Manicure hybrydowy to zobowiązanie – regularne wizyty u kosmetyczki dają najlepsze efekty, co potwierdzam jako naoczny świadek. Moja bratowa i moja przyjaciółka mają zawsze nieskazitelny manicure i ciekawe kolory. Ja z regularnością mijam się o lata świetlne, więc pozostaje mi zwykły lakier.
Na Miracle Gel od Sally Hansen polowałam mozolnie. Chodziłam od sklepu do sklepu, ale nigdzie nie było Top Coatu, bez którego nie ma efektu. Po tygodniu się poddałam i zamówiłam produkty na Allegro.
Kurier jeszcze nie wrócił nawet na parter, gdy ja już próbowałam lakierów. Niestety, efekty są mizerne.
Jak działa?
Lakiery bez warstwy wierzchniej Top Coat Miracle Gel są zwyczajne i nie odbiegają jakością od innych. Dopiero Top zmienia je w mocne i lśniące powłoki.
Top Coat zawiera fotoinicjator, który utwardza lakier kolorowy. Niepotrzebna jest tu lampa LED czy UV, a jedynie światło dzienne (a co jeśli maluję paznokcie na wieczór?). To właśnie światło dzienne ma być kluczem do sukcesu, bo z upływem czasu warstwa lakieru staje się coraz mocniejsza – tyle obietnice.
Jak używać?
Na przemyte zmywaczem paznokcie nakładam cienką warstwę lakieru. Lakiery mają średniej długości gruby, ale precyzyjny pędzelek. Są lejące, ale przylegają do paznokcia – nałożenie cienkiej warstwy nie jest problemem.

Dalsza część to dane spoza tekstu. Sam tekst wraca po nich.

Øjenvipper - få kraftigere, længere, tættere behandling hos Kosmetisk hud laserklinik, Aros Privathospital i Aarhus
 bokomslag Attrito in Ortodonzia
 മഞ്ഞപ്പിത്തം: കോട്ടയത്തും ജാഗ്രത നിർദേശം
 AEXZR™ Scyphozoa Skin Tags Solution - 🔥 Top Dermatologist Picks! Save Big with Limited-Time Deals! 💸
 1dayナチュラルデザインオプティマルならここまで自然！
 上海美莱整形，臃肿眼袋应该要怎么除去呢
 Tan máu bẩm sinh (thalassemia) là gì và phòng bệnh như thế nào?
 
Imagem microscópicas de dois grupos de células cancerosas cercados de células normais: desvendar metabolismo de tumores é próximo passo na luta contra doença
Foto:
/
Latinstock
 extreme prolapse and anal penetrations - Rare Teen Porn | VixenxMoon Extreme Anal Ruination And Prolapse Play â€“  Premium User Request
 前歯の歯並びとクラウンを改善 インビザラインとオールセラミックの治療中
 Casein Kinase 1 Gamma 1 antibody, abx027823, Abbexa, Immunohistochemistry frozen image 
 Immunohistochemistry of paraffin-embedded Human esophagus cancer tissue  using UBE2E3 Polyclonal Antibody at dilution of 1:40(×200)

Staram się być dokładna, więc gdy skończę – pierwszy paznokieć jest już suchy, czyli przy dotknięciu opuszkami palców nie zostają ślady. Zabieram się wtedy od razu za drugą warstwę. Teraz należałoby odczekać 5 minut, które pewnie robią różnicę. Ja zwykle nie mam aż tyle czasu i od razu nakładam Top Coat.
Z nakładaniem Top Coatu trzeba być równie uważnym, co przy malowaniu kolorowym lakierem. Niedokładnie nałożony – np. zbyt oszczędnie przy skórkach, aby ich nie zalać – zemści się w postaci jakby „schodka”. Będzie dokładnie widać granicę między kolorowym lakierem a topem.
Czy taki manicure jest trwały?
Tuż po nałożeniu – nie. Lakier może się zmarszczyć. Dlatego ja maluję paznokcie na noc. No, ale wtedy światła dziennego to one nie uświadczą. Czy to ma jakiś wpływ na ich trwałość? Nie wiem, ale powątpiewam, aby miało to jakiekolwiek znaczenia.
Producent twierdzi, że manicure Sally Hansen może się utrzymać 14 dni i daje efekt hybrydy. Rzeczywiście, manicure jest trwały w porównaniu do zwykłych lakierów do paznokci, ale w zderzeniu z tzw. hybrydą wypada blado. U mnie 5 dni to był maksymalny czas, gdy manicure wyglądał dobrze, ale zdecydowanie częściej były to… 2 dni. Najczęściej lakier zaczyna się ścierać na końcówkach. Z trwałością hybrydy, którą w moim przypadku zdejmuję przed czasem, bo nie lubię długich paznokci, nie ma tu więc w ogóle porównania.
Dużo trwalszy – co nie dziwi – okazał się pedicure. Ale stopy nie są narażone na urazy związane z pracami domowymi czy ciągłą styczność z wodą, detergentami.
Dużym zaskoczeniem dla mnie był Top Coat i efekt lśniącej powłoki, którą daje. Może to jest ten efekt hybrydy? Jednak tej mizernej trwałości nijak wybronić się nie da. Dla mnie za droga i za długa zabawa, jak na manicure na dwa dni.
Cena: ok. 35 zł za jeden lakier lub ok. 50 zł za zestaw top + lakier
@Ciotka Żukor, dokładnie ona. Już wiemy, że zna podstawową zasadę kobiecości: lepiej się spóźnić, niż przyjść rozczochraną/nieumalowaną/bez manicure ;-)
Czy to ta przyjaciółka, która się WIECZNIE spóźnia? Nic dziwnego, skoro TYLE czasu poświęca na malowanie paznokci!
Tylko hybryda. Nie ma się co bawić w jakieś zamienniki.
Pierwszy raz spotykam się z negatywną opinią dotyczącą trwałości tych lakierów – myślałam, że tylko ja nimi źle maluję.
Też mi się tak początkowo zdawało, ale jak widać nie są po prostu tak wspaniałe, jak obiecuje reklama.